Am I moaning and complaining? I think so.
I don’t like not getting what I perceive I need but I feel bad for complaining about what I have. What I have is so totally awesome.
Yesterday outside a shop I saw some young hip and happening guys pull up in a bright yellow, super-cool car. They hopped out in their oh-so-trendy outfits and haircuts and then, surprise, one reached into the car, pulled out a little ‘un, swung him onto his hip in a warm and comfortable intimacy and they headed inside. It looked so easy for him.
And I, Queen of “Don’t compare your insides to other people’s outsides”, compared myself to this illusion and wailed quietly, “Why is it so easy for him and so hard for me?”

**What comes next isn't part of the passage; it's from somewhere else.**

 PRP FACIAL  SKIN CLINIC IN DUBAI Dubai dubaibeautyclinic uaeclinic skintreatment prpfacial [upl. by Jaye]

Later I was reassured by a conversation with a friend who affirmed that other people have insides too. That this parenting thing demands a lot when you are conscious and want to do your best.
Consciousness is a double-edged sword at times isn’t it? Living unthinkingly seems to demand less – then again, you lose your Life driver’s licence, your sense of meaning and purpose, not to mention those very rich, beautiful moments awareness intermittently surprises you with.

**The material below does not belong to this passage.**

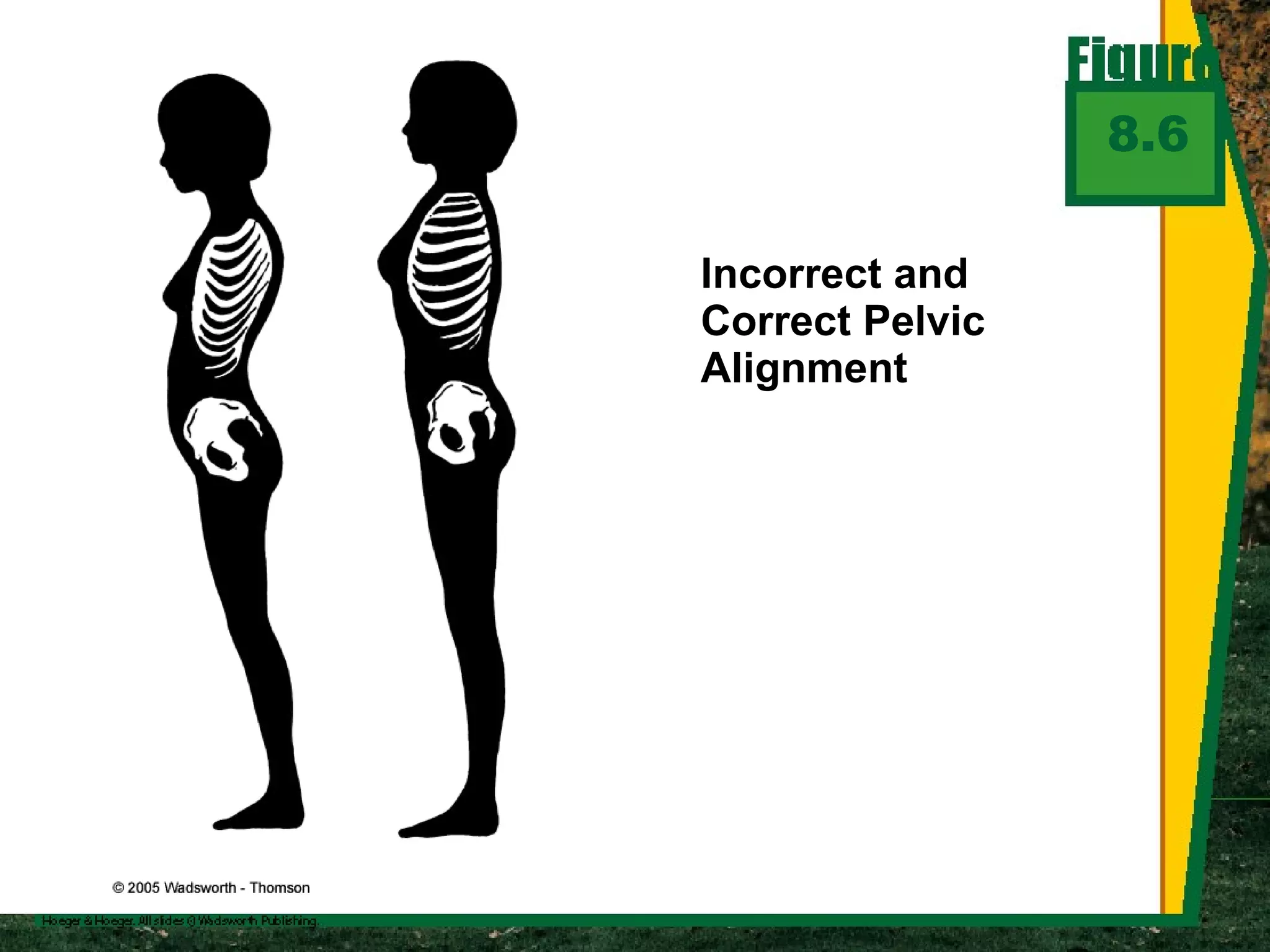 Incorrect and Correct Pelvic Alignment 8.6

I just KNOW I’m missing the point. I see the point. It keeps tapping at me, buzzing all around me. I’m aware of it, I engage with it a little but then I swat it away. So let me tell it, I see it:
I HAVE EVERYTHING I NEED AND WANT, RIGHT HERE, RIGHT NOW.
See Point? I know you’re there. I’m just avoiding you, that’s all.
The Baghavad Gita explores doing everything as a yoga, a purposeful conscious action that is in alignment with the Divine. Every action then becomes joyful – whether you like what you’re doing or not. Most spiritual practices speak of gratitude for every moment no matter how unpleasant. Modernised spiritual practice – aka Mindfulness – reminds me to be IN every moment. Then everything is FOR me, everything is enriching, life is satisfying.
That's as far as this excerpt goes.